The standard introduces the concept of a Privacy Information Management System, or PIMS. A PIMS is not a separate management system that sits alongside your ISMS. It is an extension of it. The same governance structures, management review cycles, internal audit processes, risk assessment methodology, and continual improvement mechanisms that operate in your ISMS are extended to cover privacy. You are not building a second system. You are expanding the scope and depth of the one you already have.
ISO 27701 distinguishes between two roles that any organization processing personal data may occupy: the Privacy Information Controller and the Privacy Information Processor. These map directly to the GDPR concepts of data controller and data processor. Controllers determine the purposes and means of processing personal data. Processors process personal data on behalf of controllers. ISO 27701 provides separate sets of controls and guidance for each role, recognizing that the privacy obligations of a company that owns customer data are fundamentally different from those of a company that processes it under contract.
Why Organizations Are Pursuing ISO 27701
Enterprise procurement teams — particularly in financial services, healthcare, and the public sector — are no longer satisfied by a single ISO 27001 certificate as evidence of privacy maturity. The question they are increasingly asking is not whether you have an ISMS, but whether your organization has formally committed to privacy management, had that commitment independently audited, and can demonstrate ongoing compliance with the obligations that arise from handling personal data.
ISO 27701 certification answers that question with a third-party verified credential. It signals that your organization has assessed its privacy risks, implemented controls proportionate to those risks, and operates under a governance structure that keeps privacy management active between audits rather than treating it as a once-a-year documentation exercise.
There is also a regulatory rationale. GDPR Article 42 explicitly contemplates the use of approved certification mechanisms to demonstrate compliance with the regulation's requirements. ISO 27701 is widely recognized as the most mature and globally accepted privacy management standard, and while formal GDPR adequacy decisions regarding ISO 27701 certification vary by jurisdiction, regulators and data protection authorities in multiple EU member states have acknowledged it as a strong indicator of GDPR alignment.
For organizations that operate across multiple jurisdictions, ISO 27701 provides a single framework that can be mapped to regional privacy laws, rather than requiring separate compliance programs for each.

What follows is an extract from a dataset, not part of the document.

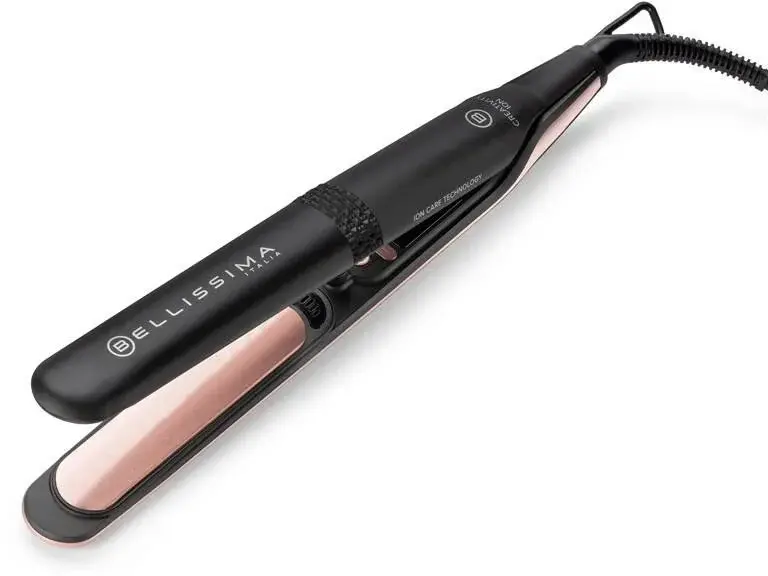 Bellissima Imetec 11875 Creativity Ion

The GDPR mapping is the most detailed and widely used, but the standard's guidance is intended to apply to any privacy regulation that distinguishes between controllers and processors.
How ISO 27701 Extends ISO 27001
The structure of ISO 27701 closely follows ISO 27001's framework. It is divided into clauses that modify and extend the ISO 27001 clauses, and into Annexes A and B, which provide privacy-specific controls for controllers and processors, respectively.
The standard extends ISO 27001 Clause 4 (Context of the Organization) to require that privacy considerations be incorporated into the organization's understanding of its internal and external context. This means identifying interested parties with privacy interests — data subjects, regulators, customers acting as controllers — and understanding their requirements as inputs to the PIMS.
Clause 6 (Planning) is extended to require incorporating privacy risks into the risk assessment process. ISO 27001 already requires a risk assessment that covers information assets; ISO 27701 extends this to require that personal data processing activities be inventoried, that the risks to data subjects arising from that processing be assessed, and that treatment decisions be made proportionate to those risks.
Clause 8 (Operation) is extended to require documented records of processing activities — directly reflecting the GDPR's Article 30 requirement — along with data protection impact assessment procedures for high-risk processing and documented policies governing the handling of data subject rights requests.
The most substantive additions appear in Annexes A and B, which contain the privacy-specific controls.
Annex A: Controls for Privacy Information Controllers
Annex A provides 31 controls organized into seven categories specifically for organizations acting as controllers. These address the core operational requirements of managing personal data responsibly.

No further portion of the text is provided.